Maintained by: Carl Hauser <Carl Hauser:PARC:Xerox>

Keywords: Cedar Archives

XEROX Xerox Corporation
Palo Alto Research Center
3333 Coyote Hill Road
Palo Alto, California 94304

For Internal Xerox Use Only

Overview

The Cedar Archivist is a DCedar program that writes files from IFS's to tape and keeps track of where they are. Over the years it has stored about 300,000 files on tape. Each file is written on two tapes, and an entry made in a BTree directory that maps from file names to tape identifications.

Unfortunately, the DCedar BTree is not readable by the PCedar BTree package (problems with byte ordering, etc.). Hence this package was created for PCedar to read (only) a compressed version of the Archivist BTree that is created by the DCedar ArchivistBTree package.

The Archives interface provides procedures for opening, closing and enumerating the directory. (See Archives.mesa.)

UserProfile Entries

Archives.DirectoryName: "/ux/project/archivist/Archives.CompressedDirectory"

Commands

The implementation provides two commands for looking at the directory:

UncompressDirectory

enumerates the entire directory, placing its output, 1 line per file, on cmd.out (e.g. use commander output redirection to place the output in a file);

ListArchives pattern ...

enumerates files matching each of the patterns and places its output on cmd.out in a format similar to that used by the cedar ListFiles command. The patterns should be in brackety syntax. The output format looks like this

[Ivy]<CHauser>Modula-2>*
CursorMouse.DEF!1 25 May 85 16:40:54 PDT T10439P T10439B complete
CursorMouse.MOD!1 17 Sep 85 22:31:26 PDT T10439P T10439B complete
CursorMouse.SBL!1 19 Sep 85 23:47:29 PDT T10439P T10439B complete

^ ^ ^ ^ ^
file name file create date primary secondary state
tape tape

The theory is that with the tape identification information you can go to someone who knows something about the Archivist and get the files back.

Directory format

I really hope you don't need to look at this to use this package!

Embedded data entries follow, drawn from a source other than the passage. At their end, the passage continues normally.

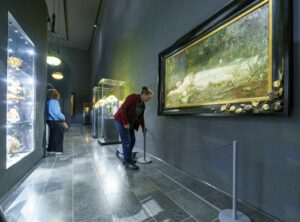 fanii-taylor-swift-invadeaza-un-muzeu-german-pentru-tabloul-care-a-inspirat-the-fate-of-ophelia”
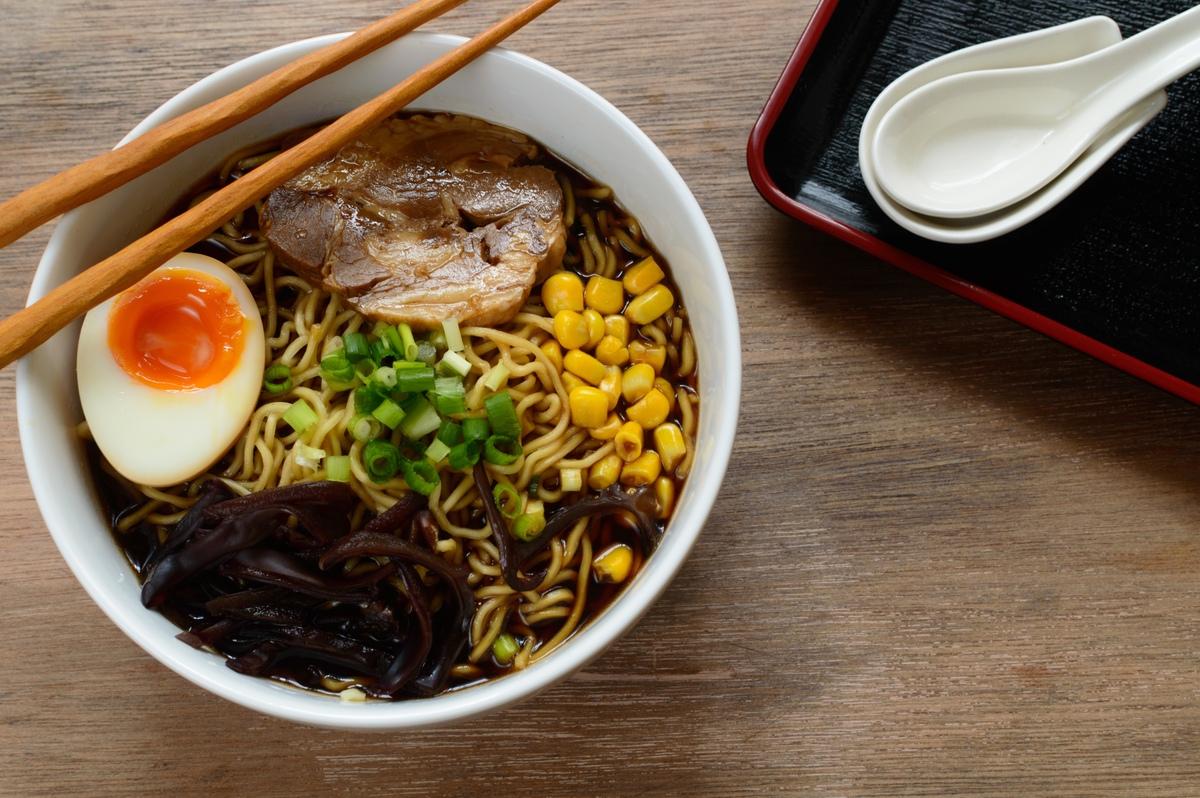 Toyama Black Ramen: Nước Dùng Xì Dầu Đậm & Tiêu Đen
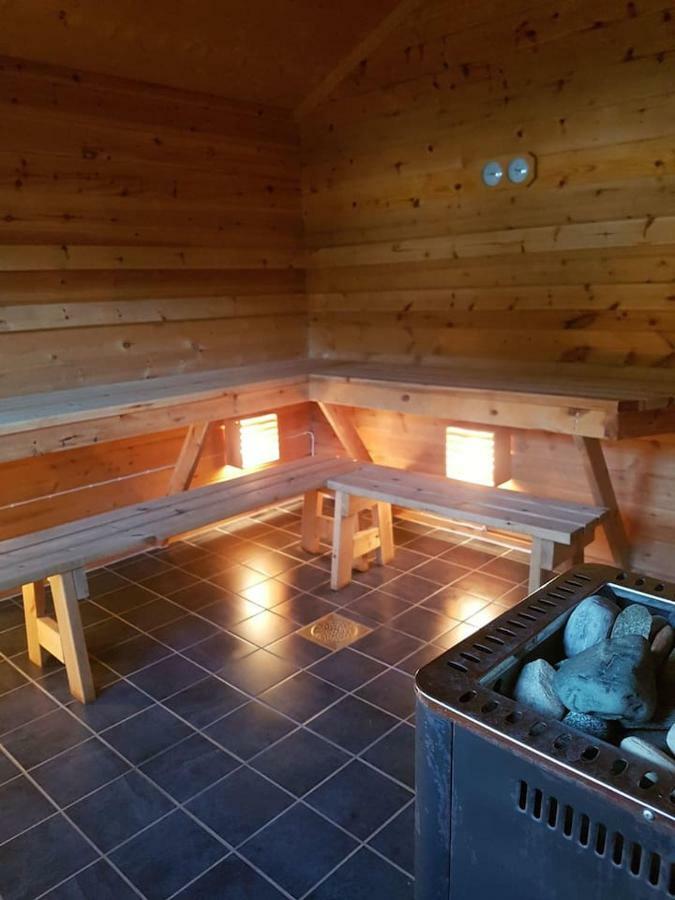 Lyngsalpan Cruise Lodge - Rodtinden Nord-Lenangen Екстер'єр фото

The compressed directory format supported by this package and the corresponding procedure in DCedar ArchivistBTreeImpl is as follows. The file consists of an arbitrary number of compressed segments (using the F4KS method of D/PCedar Compression) followed by an index. Each segment is the result of compressing the ascii representation of the BTree entries for 500 (except in the last segment) files. The index follows the last segment and contains, for each segment, the first file name in the segment and the position in the file where the segment starts. 32 bit arithmetic quantities are stored as Basics.FWORD's for DCedar/PCedar compatibility. The detailed format is

beginning of file (offset 0) --->

seg0 -> ...

seg1 -> ...

...

segn ->

end of last segment

fn0 -> uncompressed first filenames, each terminated by \n

fn1 -> ...

...

fnn ->

indexStart -> file offset of beginning of segment 0 (32 bits) seg0

file offset of uncompressed first file name in segment 0 (32 bits) fn0

file offset of beginning of segment 0 (32 bits) seg1

file offset of uncompressed first file name in segment 1 (32 bits)

file offset of beginning of last segment (32 bits) segn

file offset of uncompressed first file name in last segment (32 bits)

File.Length[]-8 number of entries in last segment (32 bits)

file offset of index array (32 bits) indexStart

File.Length[] ----->

Since compression streams do not provide explicit end of stream indications, it is crucial that the reader know how many entries to read out of each segment. Since they are all the same except the last, only the entry count for the last segment is stored in the index.